Slaid Cleaves lives in two states: the Maine of his childhood and the Texas of his adulthood. These days he and his wife, Karen, bounce back and forth between their houses in Cherryfield, Maine — “the blueberry capital of the world,” Cleaves notes — and Wimberley, the Texas Hill Country town that reminds them of the laid-back, bohemian Austin of the 1990s.

You can’t understand Cleaves or his music without recognizing the influence of both the northernmost state in New England and the southernmost state in the American West. Maine is where he first became a musician. Texas is where he finally matured as a songwriter. Even now one can detect in his songs both the blue-collar grittiness of the Rust Belt and the open-spaces possibility of the Sun Belt.

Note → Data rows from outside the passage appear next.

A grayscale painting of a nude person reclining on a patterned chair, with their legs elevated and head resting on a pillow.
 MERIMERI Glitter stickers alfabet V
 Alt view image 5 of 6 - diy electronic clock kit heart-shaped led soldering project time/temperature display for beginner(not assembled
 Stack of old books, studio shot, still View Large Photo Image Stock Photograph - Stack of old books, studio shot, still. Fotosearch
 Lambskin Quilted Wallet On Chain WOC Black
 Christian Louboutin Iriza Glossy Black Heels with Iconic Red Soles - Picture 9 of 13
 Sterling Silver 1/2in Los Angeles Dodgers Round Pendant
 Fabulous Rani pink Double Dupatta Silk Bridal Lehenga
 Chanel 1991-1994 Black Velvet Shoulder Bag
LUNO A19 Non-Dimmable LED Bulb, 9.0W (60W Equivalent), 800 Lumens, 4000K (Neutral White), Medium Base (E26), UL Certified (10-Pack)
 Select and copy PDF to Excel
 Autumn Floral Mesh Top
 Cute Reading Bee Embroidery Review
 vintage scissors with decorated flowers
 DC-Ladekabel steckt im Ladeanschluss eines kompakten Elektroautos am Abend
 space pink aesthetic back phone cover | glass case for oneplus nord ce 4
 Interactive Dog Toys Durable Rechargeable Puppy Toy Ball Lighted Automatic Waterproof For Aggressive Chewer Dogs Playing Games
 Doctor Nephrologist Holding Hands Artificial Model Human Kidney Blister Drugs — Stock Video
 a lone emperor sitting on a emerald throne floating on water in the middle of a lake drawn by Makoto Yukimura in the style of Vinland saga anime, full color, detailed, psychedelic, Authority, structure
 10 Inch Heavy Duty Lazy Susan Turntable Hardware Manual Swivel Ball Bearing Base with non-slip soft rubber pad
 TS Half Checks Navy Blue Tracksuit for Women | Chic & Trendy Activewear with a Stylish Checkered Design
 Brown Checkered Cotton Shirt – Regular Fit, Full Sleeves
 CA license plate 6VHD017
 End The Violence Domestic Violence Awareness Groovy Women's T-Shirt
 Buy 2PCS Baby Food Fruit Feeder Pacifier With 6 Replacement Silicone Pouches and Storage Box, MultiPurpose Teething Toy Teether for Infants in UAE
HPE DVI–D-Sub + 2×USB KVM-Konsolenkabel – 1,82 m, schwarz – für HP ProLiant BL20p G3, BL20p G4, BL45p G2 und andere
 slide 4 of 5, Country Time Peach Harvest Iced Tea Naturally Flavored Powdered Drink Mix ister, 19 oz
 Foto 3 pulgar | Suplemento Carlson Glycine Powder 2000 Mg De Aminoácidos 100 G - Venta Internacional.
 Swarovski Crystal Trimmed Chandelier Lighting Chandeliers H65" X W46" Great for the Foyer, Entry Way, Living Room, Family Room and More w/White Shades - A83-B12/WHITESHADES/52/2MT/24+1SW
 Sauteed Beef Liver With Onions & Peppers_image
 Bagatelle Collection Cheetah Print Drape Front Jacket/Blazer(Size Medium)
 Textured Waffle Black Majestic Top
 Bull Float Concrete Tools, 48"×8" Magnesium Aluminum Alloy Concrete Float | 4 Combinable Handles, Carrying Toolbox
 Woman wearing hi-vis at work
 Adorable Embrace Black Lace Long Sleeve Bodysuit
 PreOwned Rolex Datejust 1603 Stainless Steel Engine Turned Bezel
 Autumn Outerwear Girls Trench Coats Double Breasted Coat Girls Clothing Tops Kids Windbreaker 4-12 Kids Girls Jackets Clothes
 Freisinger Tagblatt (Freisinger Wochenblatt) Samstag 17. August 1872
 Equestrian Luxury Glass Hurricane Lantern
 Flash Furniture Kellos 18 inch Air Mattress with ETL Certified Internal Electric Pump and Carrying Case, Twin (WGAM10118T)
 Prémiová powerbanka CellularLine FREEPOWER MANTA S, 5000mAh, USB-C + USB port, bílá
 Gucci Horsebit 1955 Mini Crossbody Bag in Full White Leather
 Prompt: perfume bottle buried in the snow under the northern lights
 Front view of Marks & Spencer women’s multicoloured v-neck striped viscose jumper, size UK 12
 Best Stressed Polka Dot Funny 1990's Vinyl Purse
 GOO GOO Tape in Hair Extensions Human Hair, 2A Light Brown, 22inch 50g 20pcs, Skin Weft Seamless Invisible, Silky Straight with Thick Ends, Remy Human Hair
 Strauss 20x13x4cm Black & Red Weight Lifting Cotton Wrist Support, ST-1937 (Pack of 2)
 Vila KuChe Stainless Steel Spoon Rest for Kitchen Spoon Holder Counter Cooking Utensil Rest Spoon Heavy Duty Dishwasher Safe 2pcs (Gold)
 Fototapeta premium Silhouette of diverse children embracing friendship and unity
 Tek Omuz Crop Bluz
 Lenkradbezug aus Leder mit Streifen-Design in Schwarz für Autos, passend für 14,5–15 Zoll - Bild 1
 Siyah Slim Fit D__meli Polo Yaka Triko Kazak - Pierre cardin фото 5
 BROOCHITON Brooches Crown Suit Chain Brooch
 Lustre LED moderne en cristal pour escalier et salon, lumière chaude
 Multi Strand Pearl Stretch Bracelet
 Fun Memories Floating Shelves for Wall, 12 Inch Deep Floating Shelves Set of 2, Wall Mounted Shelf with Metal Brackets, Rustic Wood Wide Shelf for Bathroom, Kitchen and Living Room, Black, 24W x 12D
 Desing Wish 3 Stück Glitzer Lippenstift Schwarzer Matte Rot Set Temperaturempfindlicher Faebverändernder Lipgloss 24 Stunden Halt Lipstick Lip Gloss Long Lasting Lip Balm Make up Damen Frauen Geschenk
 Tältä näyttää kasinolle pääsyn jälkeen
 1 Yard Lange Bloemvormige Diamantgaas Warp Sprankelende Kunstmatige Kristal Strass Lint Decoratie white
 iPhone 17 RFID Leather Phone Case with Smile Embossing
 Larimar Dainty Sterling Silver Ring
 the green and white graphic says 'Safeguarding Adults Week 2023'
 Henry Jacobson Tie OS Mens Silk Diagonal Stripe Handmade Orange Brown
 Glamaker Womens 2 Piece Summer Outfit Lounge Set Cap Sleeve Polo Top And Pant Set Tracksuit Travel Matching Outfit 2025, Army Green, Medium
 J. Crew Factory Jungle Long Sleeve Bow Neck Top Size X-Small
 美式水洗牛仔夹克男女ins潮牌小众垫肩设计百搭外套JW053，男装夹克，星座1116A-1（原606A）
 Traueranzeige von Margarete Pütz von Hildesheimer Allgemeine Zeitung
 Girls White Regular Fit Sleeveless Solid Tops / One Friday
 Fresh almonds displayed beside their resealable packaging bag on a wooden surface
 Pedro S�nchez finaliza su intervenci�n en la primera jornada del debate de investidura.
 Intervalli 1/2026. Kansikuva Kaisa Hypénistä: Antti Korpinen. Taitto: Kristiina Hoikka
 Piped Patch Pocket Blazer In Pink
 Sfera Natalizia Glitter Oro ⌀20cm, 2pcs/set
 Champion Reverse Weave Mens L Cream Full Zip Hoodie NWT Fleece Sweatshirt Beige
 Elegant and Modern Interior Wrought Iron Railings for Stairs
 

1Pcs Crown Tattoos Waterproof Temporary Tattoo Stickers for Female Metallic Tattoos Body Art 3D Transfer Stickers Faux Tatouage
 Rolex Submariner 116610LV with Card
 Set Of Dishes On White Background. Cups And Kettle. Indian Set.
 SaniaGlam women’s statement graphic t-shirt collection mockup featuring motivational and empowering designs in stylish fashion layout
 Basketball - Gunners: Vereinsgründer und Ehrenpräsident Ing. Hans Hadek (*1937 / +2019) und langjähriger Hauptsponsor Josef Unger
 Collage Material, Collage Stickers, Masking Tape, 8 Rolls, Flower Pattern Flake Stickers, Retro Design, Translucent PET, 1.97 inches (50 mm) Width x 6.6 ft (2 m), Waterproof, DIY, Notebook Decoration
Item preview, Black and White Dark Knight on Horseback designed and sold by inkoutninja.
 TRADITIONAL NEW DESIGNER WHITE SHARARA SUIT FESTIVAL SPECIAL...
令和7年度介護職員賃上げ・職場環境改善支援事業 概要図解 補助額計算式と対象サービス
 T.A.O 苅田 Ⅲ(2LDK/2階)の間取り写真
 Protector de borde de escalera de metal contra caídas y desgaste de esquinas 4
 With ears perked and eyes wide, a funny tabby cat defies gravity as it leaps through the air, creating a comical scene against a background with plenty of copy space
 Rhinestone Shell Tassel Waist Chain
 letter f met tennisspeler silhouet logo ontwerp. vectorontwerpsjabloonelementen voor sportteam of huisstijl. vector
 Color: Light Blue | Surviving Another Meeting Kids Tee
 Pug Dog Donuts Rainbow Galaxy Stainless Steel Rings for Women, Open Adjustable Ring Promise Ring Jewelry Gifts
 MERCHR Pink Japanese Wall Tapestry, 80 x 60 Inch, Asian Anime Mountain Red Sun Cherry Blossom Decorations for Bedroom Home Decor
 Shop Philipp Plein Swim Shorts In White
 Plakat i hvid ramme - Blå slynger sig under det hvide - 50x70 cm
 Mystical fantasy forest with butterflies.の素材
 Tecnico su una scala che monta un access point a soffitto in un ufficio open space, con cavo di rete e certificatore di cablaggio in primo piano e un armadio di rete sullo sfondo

Those two worlds collide on “Second Hand,” a key track on Cleaves’ latest album, Together Through the Dark. Co-written with Adam Carroll, the song opens with a ringing electric-guitar riff from the album’s producer, Scrappy Jud Newcomb, and snare-drum hits from engineer Pat Manske. It sounds more than a little like Bruce Springsteen, and that connection is reinforced by a reference to the narrator’s blue-collar father smoking in a church basement and lamenting “all the years he wasted.” The link is made explicit when the narrator recalls his youth, when “feeling brave and free, we were singing ‘Born To Run.’”

At the top of the chorus, though, the blue van that his college band once drove to gigs now sits in his Texas front yard, “cactus growing” all around it. He watches the setting sun bleed through the red pine and wonders if he should drive over in his duct-taped Plymouth to visit his ex. Slowly he realizes “that so much of who I am today” — the smoking habit inherited from his dad, the church habit acquired from his ex — “I just picked up second hand.”

“I wanted to tell the stories that don’t get told very often,” Cleaves says on the phone from Cherryfield, Maine. “I got that from Woody Guthrie and Springsteen; that always appealed to me. Who wants to hear about successful people? I wanted to examine the lives of the unsuccessful. You don’t want to romanticize these lives, but you want to give them their due. When I was busking in Portland, Maine, these homeless guys would toss me some coins and share their wine. That’s how my career started; panhandlers were giving me money. I feel a camaraderie with losers who get lucky sometimes, as Tom Petty put it.”

The new album is filled with characters who are more often unlucky than lucky. There’s the barroom brawler of “Puncher’s Chance,” the small-time thief of “Arnold Nash,” the lonely widower of “Sparrow,” the coffin-boxed brother of “New Heartbreak,” the troubled Blanco County cowboy of “Put the Shovel Down,” the Dallas oil-company secretary who turns herself into the “Terlingua Chili Queen,” the minimum-wage workers of “At Christmastime” and “Double Shift Tuesday.”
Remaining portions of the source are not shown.